Pull-up exercises are a fantastic way to strengthen the upper body, and even to build your core stability when performed properly. While some people can perform a pull-up, not everyone does them properly, and bad habits can actually hinder your performance and hurt any strength gains that you would otherwise make.
With these four tips, you can improve your pull-up exercises and technique, and get more out of the exercise as a result.
4. Strengthen Your Grip
Performing a pull-up, just on its own, can greatly increase your grip strength, but you can also improve your grip strength with a pull-up bar without performing the exercise itself. In the natural pull-up position while on the ground, simply squeeze the bar as hard as you can.

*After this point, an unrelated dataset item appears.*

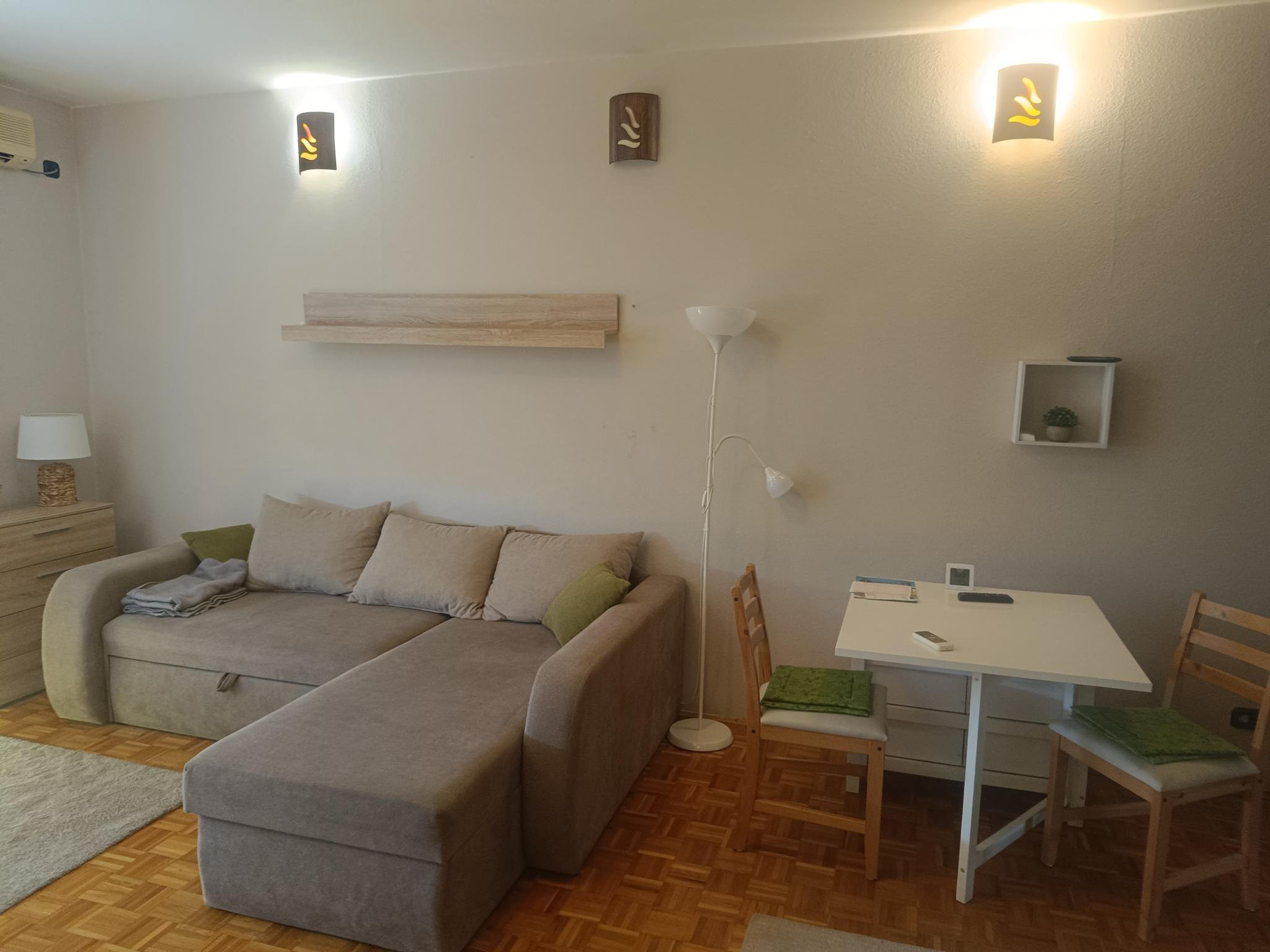 Livingroom picture2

This can make for a good warm up to performing the pull-up, but it's also got the benefit of strengthening your hand and wrist muscles while they're in their outstretched state, as opposed to the positions they go into when you perform the full motion.
3. Tighten Your Muscles
By contracting the muscles in your stomach, you can help to not only maintain proper form throughout the pull up, but also to avoid injuries to the body. The stomach contraction that you would perform here is similar to one performed during a squat– the idea is to gain and maintain core stability, and to keep your spine aligned throughout he motion. It should be held throughout the pull-up. The additional bonus is you will strengthen your core, although not as much as you would with squatting exercises.

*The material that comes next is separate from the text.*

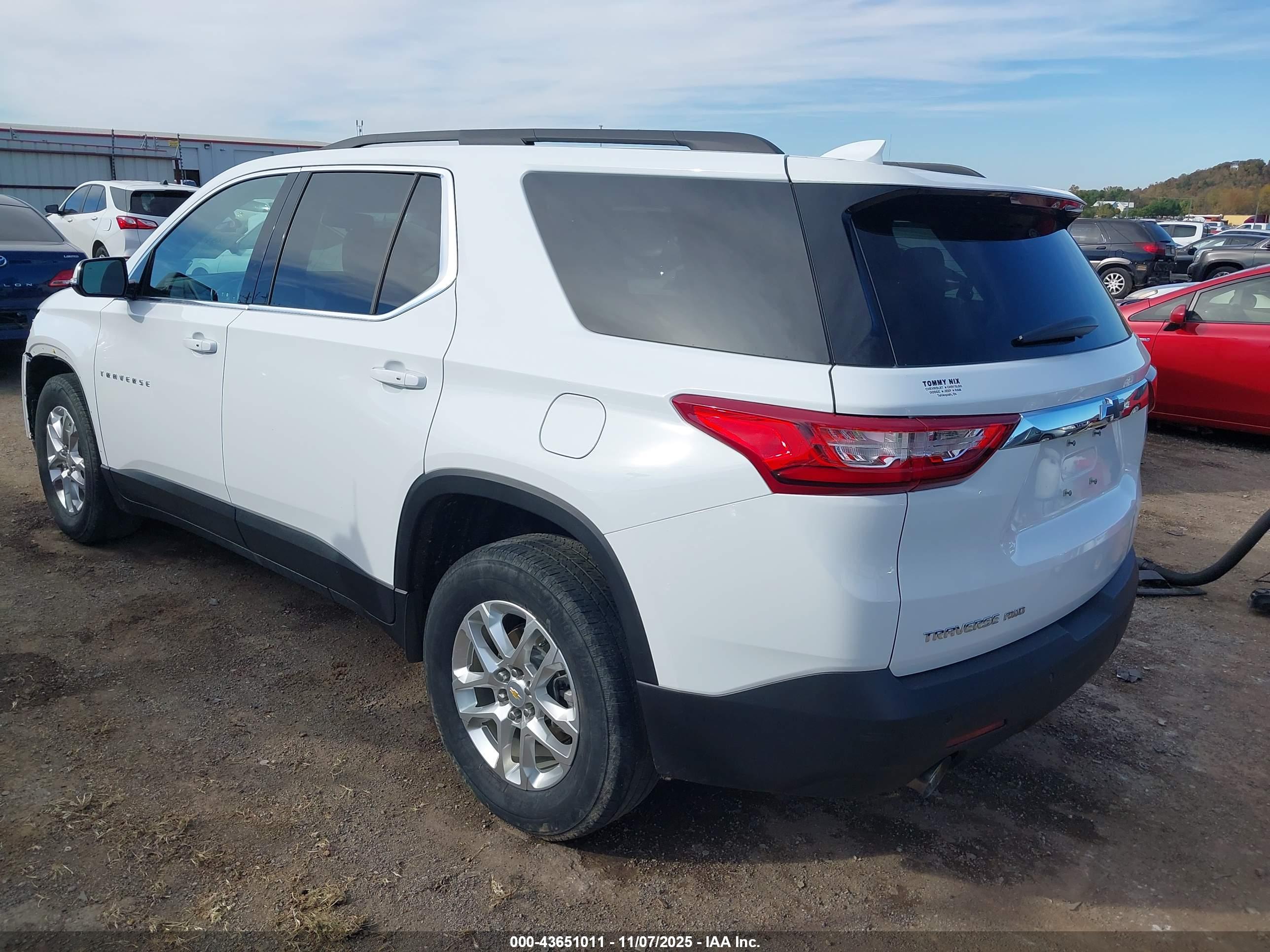 CHEVROLET TRAVERSE image 3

2. Keep Your Lower Body Stable
Clenching your glutes, and keeping your tights together, has the benefit of keeping you from swinging your legs while you perform the routine. Like the core tightening, keeping your glutes and thighs tight throughout the pull up is the best course of action. More tension means more stability, and more safety.
1. Make Your Body Rigid
Combining the second and third tips will make your entire body rigid, more or less. Tensing all of the muscles in your body should be performed throughout the exercise. It's also a good idea to lower yourself slowly as you descend, as opposed to a quick drop. Not only is it safer and easier on your arms, but the tension of slowly lowering yourself helps to build your arm and back muscles. This sort of slow lowering technique can also work with other exercises, like pushups and squats.
Remember to Breathe!
Breathing is always an important part of any strength training. Exhale when you pull yourself up, and inhale on the way down for a stronger core, and more oxygen for the body.